Extracted records

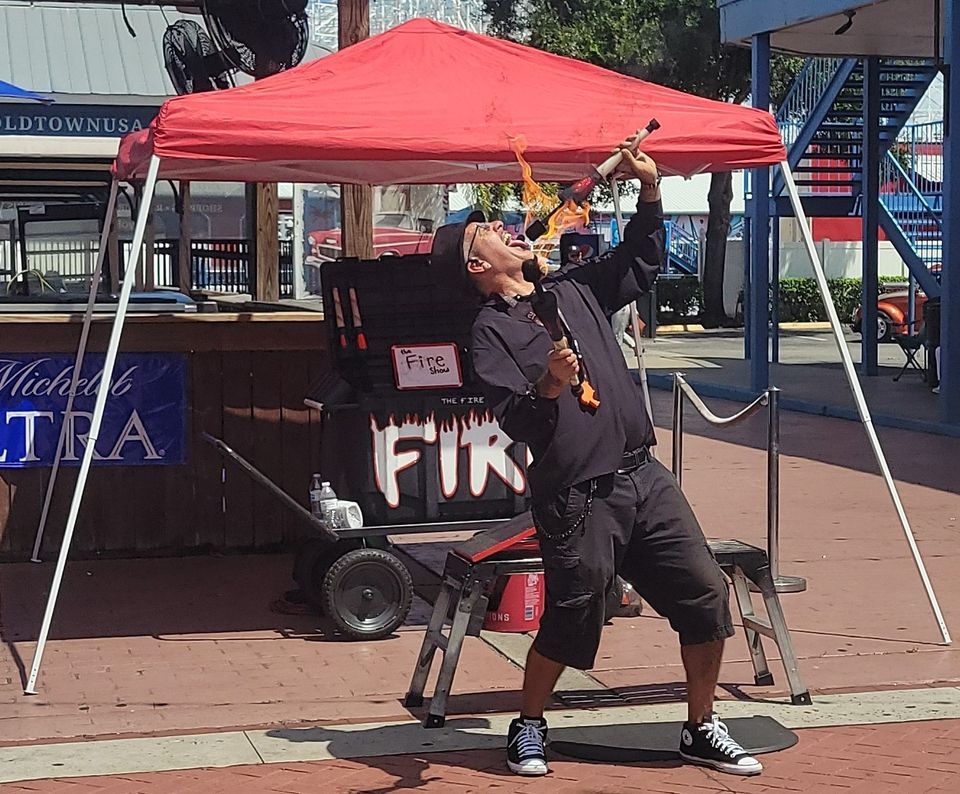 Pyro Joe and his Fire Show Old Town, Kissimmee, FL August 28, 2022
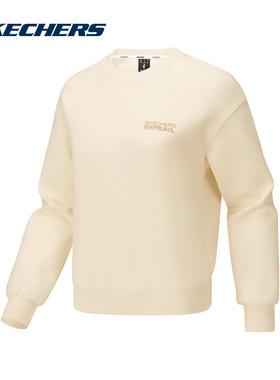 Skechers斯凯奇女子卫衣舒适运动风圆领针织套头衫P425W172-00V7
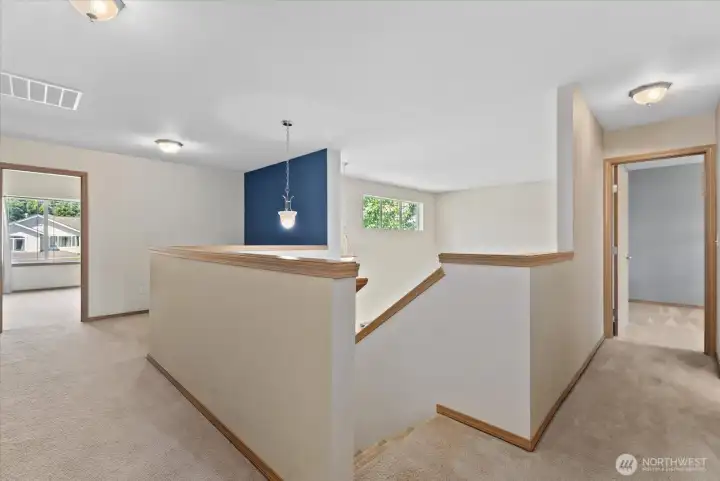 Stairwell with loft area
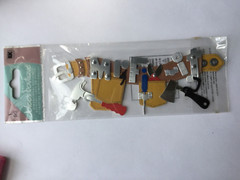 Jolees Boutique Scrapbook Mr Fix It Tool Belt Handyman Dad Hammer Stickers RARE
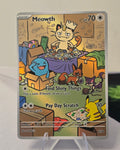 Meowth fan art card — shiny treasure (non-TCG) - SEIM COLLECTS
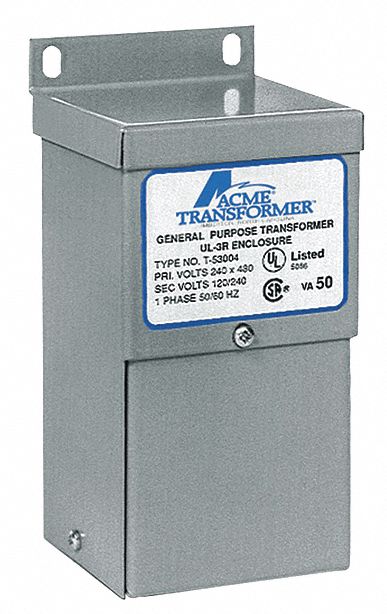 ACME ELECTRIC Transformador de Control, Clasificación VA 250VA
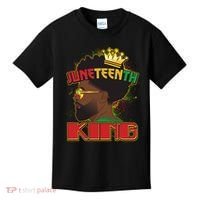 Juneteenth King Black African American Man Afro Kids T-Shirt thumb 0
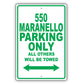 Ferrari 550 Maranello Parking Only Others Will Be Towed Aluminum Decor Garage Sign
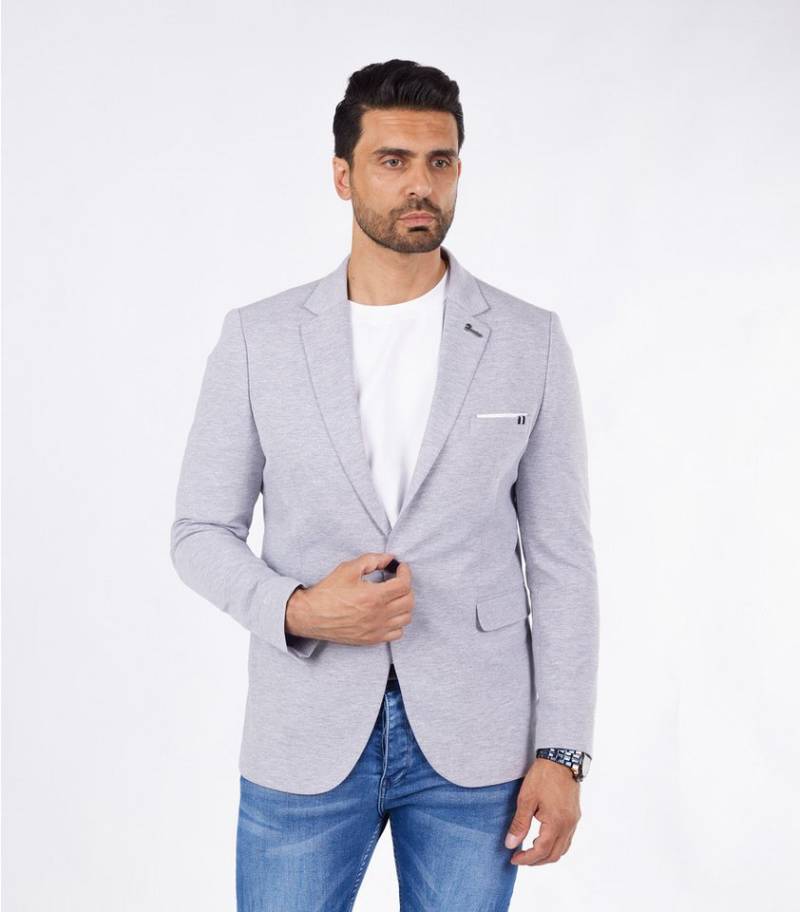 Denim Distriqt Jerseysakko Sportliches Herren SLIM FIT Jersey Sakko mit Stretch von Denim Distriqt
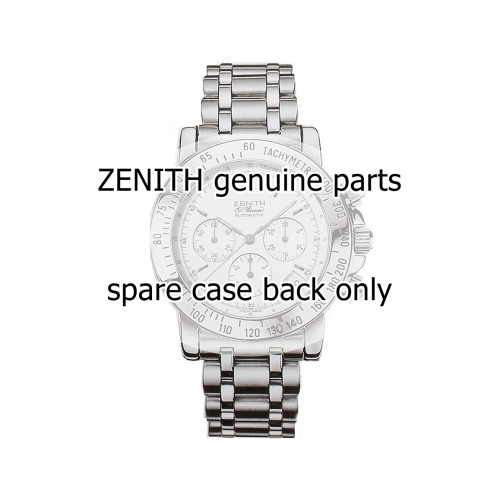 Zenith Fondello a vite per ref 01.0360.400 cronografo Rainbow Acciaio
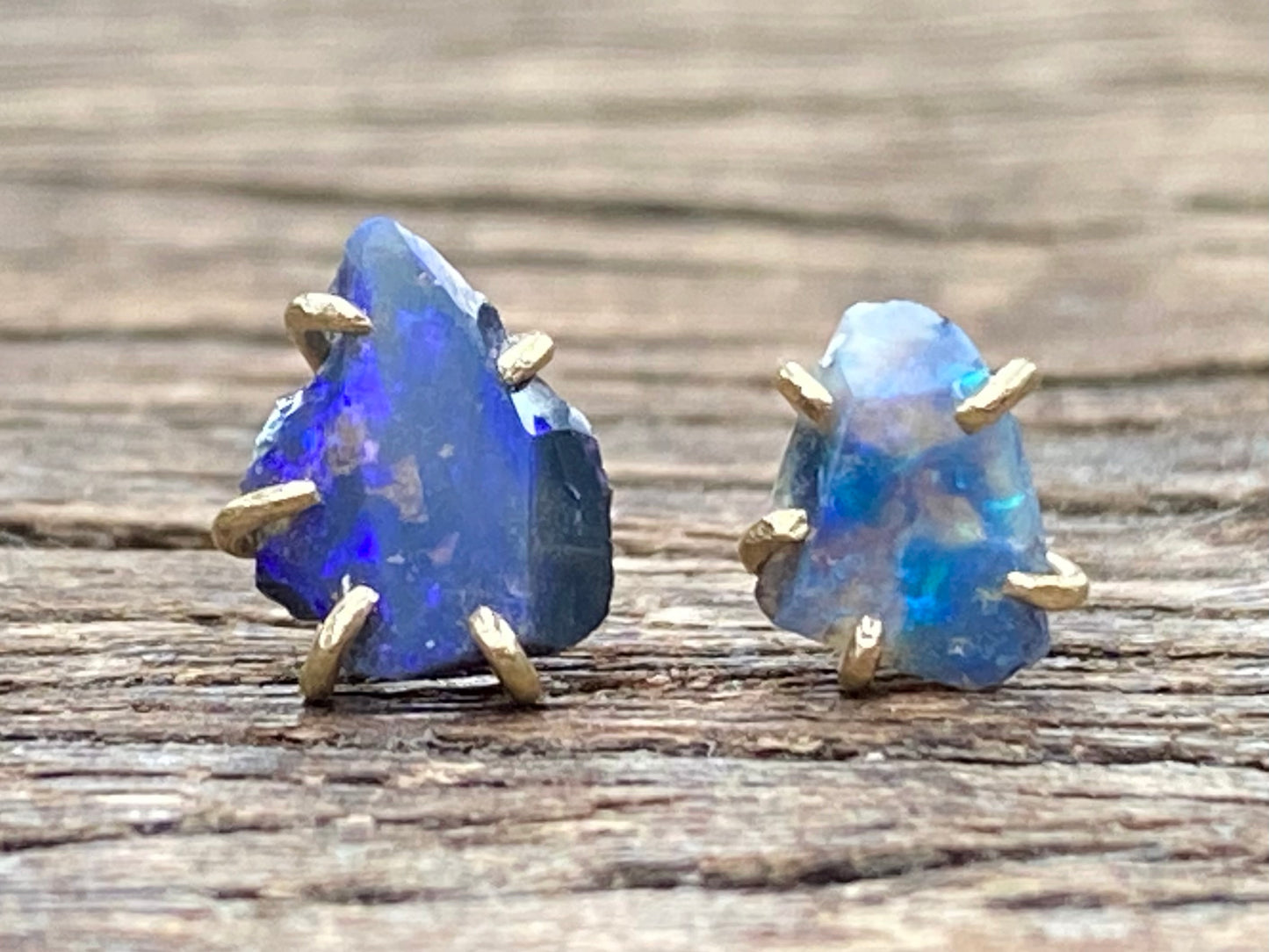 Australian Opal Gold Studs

* _What to work on_: Write out the lines of the entries above exactly, beginning with the first and ending with the line that contains "Juneteenth King Black". No picture goes in.

* _Task output_:
 Pyro Joe and his Fire Show Old Town, Kissimmee, FL August 28, 2022
 Skechers斯凯奇女子卫衣舒适运动风圆领针织套头衫P425W172-00V7
 Stairwell with loft area
 Jolees Boutique Scrapbook Mr Fix It Tool Belt Handyman Dad Hammer Stickers RARE
 Meowth fan art card — shiny treasure (non-TCG) - SEIM COLLECTS
 ACME ELECTRIC Transformador de Control, Clasificación VA 250VA
 Juneteenth King Black African American Man Afro Kids T-Shirt thumb 0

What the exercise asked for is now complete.